On March 14, 1995, an anonymous letter was posted to the Manhattan Child Welfare Authorities. The author of this letter stated that Awilda Lopez had cut off much of Elisa's hair and had begun locking her in a dark room for extensive periods of time. Six days later, Elisa was admitted to hospital with a fractured shoulder⁠—the injury having been untreated for three days. (Note: Carlos Lopez would claim to hospital staff this injury had been caused as a result of Elisa jumping off of a bunk bed. When Elisa responded to questions by hospital staff regarding several cuts upon her lips, the child reportedly replied: "Last night I ate a lot of sugar, and the roaches bit me.")

The increasing concerns of staff at Public School 126 regarding evident abuse were also reported to the Manhattan Child Welfare Authorities. Reportedly, the Manhattan Child Welfare Authorities soon replied to the school that their concerns were "not reportable" due to a lack of direct evidence of child abuse or neglect. As such, this report was rejected. A further factor in this decision was the fact Elisa had been under court-ordered caseworker supervision. In response to the school having reporting the suspected abuse of her daughter to the Manhattan Child Welfare Authorities and a subsequent home visit by staff at the school, Awilda—by this time known to have reverted to regular crack cocaine use—withdrew Elisa from Public School 126 in December 1994. She made no effort to enroll Elisa in any other school.

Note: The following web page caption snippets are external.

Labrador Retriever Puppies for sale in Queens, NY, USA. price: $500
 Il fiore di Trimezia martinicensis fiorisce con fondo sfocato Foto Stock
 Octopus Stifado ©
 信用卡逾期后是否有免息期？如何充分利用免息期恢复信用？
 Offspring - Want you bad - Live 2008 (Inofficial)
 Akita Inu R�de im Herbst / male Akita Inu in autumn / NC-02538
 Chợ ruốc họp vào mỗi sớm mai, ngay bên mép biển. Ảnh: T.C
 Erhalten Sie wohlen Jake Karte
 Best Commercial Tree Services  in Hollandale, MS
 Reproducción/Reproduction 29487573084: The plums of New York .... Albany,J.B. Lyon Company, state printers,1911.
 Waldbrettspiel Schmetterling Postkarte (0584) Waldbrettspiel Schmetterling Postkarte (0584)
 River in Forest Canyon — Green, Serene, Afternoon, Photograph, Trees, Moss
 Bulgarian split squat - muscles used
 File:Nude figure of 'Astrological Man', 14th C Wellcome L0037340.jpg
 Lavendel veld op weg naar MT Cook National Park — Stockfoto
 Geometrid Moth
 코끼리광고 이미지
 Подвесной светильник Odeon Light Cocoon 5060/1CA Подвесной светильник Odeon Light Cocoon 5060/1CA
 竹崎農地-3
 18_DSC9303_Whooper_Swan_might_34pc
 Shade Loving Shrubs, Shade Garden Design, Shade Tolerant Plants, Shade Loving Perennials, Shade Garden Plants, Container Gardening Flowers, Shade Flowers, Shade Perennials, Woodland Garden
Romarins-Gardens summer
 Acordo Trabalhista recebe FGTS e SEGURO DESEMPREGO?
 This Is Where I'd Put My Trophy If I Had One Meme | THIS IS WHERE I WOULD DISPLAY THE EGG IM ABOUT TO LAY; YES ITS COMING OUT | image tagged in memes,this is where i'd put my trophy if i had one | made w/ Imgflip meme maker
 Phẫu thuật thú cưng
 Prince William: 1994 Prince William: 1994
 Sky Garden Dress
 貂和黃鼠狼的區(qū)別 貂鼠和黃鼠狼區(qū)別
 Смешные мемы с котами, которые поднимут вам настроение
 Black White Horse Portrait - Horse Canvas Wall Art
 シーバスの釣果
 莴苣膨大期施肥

Reportedly, despite having borne six children by this time (three of whom had been born after Elisa), Awilda targeted Elisa for almost all of the abuse she inflicted upon her children. (Note: The abuse endured by Elisa's siblings after Awilda obtained custody of her daughter included beatings with leather straps and placing their hands upon hot stoves.) After withdrawing her from her school, Elisa was locked in her bedroom, was denied any opportunity to socialize with her siblings or to leave the apartment and was denied access to the toilet—being forced to use a chamber pot. Neighbors also reported hearing sounds of Elisa being beaten and otherwise abused, later reporting hearing Elisa's repeatedly pleading with her mother to stop hitting her, crying out pleas such as: "Mommy, Mommy, please stop! No more! I'm sorry." Some neighbors did report their suspicions of child abuse to child welfare authorities; however, no effective action was taken. Other neighbors reportedly knew of the abuse Elisa and—to a much lesser degree—her siblings endured, but failed to notify authorities. (Note: Following Elisa's murder, a neighbor of Awilda Lopez named Tony Ng would justify the collective failure of all her neighbors who had heard the ongoing sounds of Elisa's evident abuse and her pleading to her mother for the mistreatment to cease by simply stating: "We thought it [was simply] her way of disciplining her kids. That's not unusual, in this building at least.") Some neighbors noted that Awilda would refer to Elisa as a "Mongoloid" and a "filthy little whore" who had been placed under a spell by her father.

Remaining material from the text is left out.